In an effort that might affect the future of nanomedicine, scientists at UC Berkley have developed a novel “hyperlens” which they claim brings them a step closer to nanoscale optical imaging. Here’s a scoop from UC Berkeley:
Propagating waves can travel far and be collected by an optical lens, including the human eye, to form an image. Evanescent waves contain far greater detail and resolution of an object, but they decay too quickly for conventional lenses to capture them.
“Capturing the information carried by the evanescent waves is the Holy Grail of optical imaging,” said Xiang Zhang, UC Berkeley professor of mechanical engineering and principal investigator of the study. “The hyperlens shows a new way to beat the diffraction limit, which would allow biologists to not only see a cell’s nucleus and other smaller components, but to study the movement and behavior of individual molecules in living cells in real time. In technology, this could eventually lead to higher density integrated circuits and DVDs.”
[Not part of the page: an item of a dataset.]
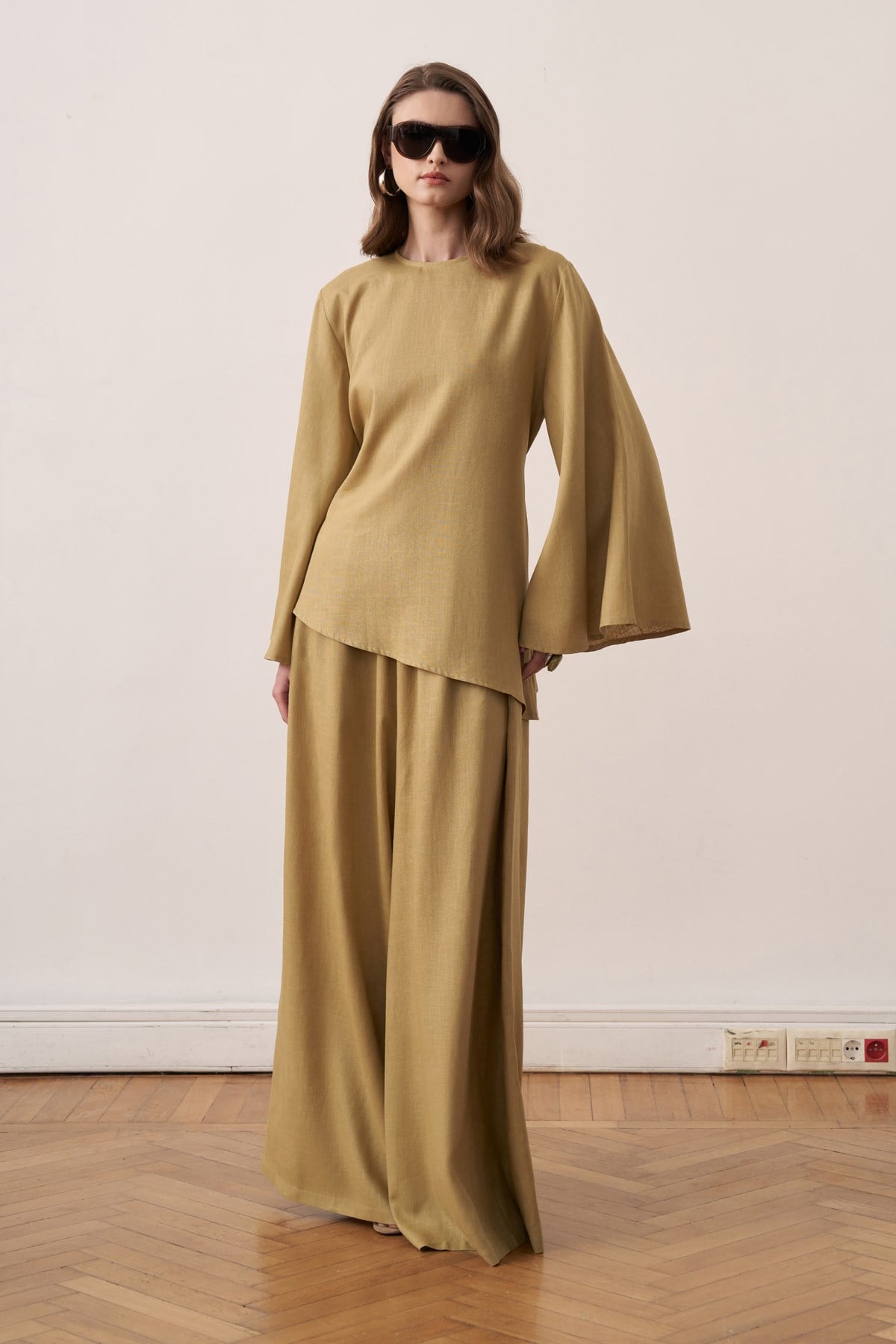Faraz Linen 2-pieces Set - Olive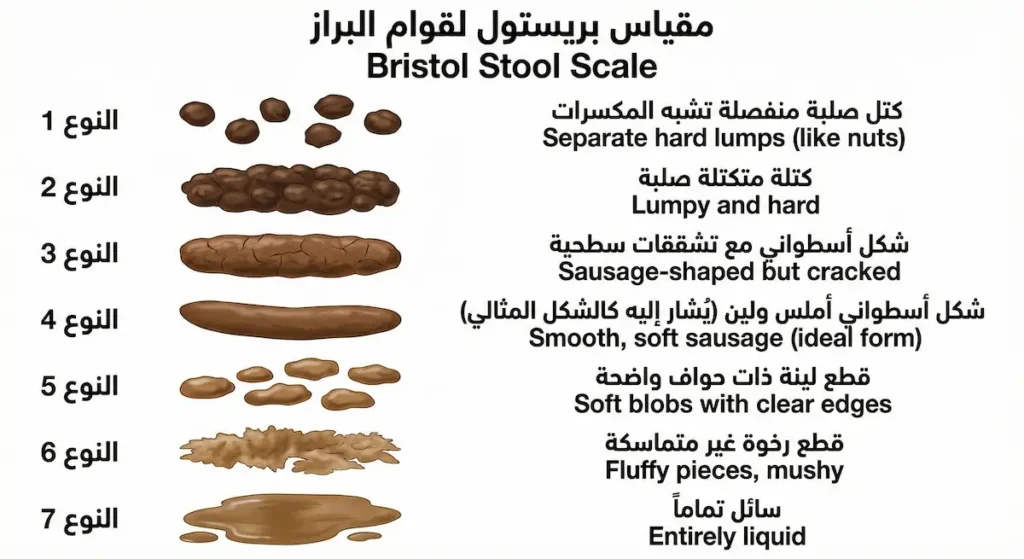 رسم توضيحي لمقياس بريستول لقوام البراز يُظهر سبعة أنواع من النوع الصلب إلى السائل مع تحديد النوع الطبيعي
“In this experiment, the loss of the evanescent waves results in a diffraction limit of 260 nanometers,” said Zhaowei Liu, UC Berkeley postdoctoral researcher in mechanical engineering and co-lead author of the paper. “The hyperlens breaks this limit by capturing an image of objects smaller than 150 nanometers.”
The researchers used nanowires that were 35 nanometers wide and inscribed onto an inner layer of chrome that sits atop the hyperlens. In the first experiment, two nanowires were placed parallel to each other 150 nanometers apart. The researchers also shaped nanowires into the letters O and N for another demonstration.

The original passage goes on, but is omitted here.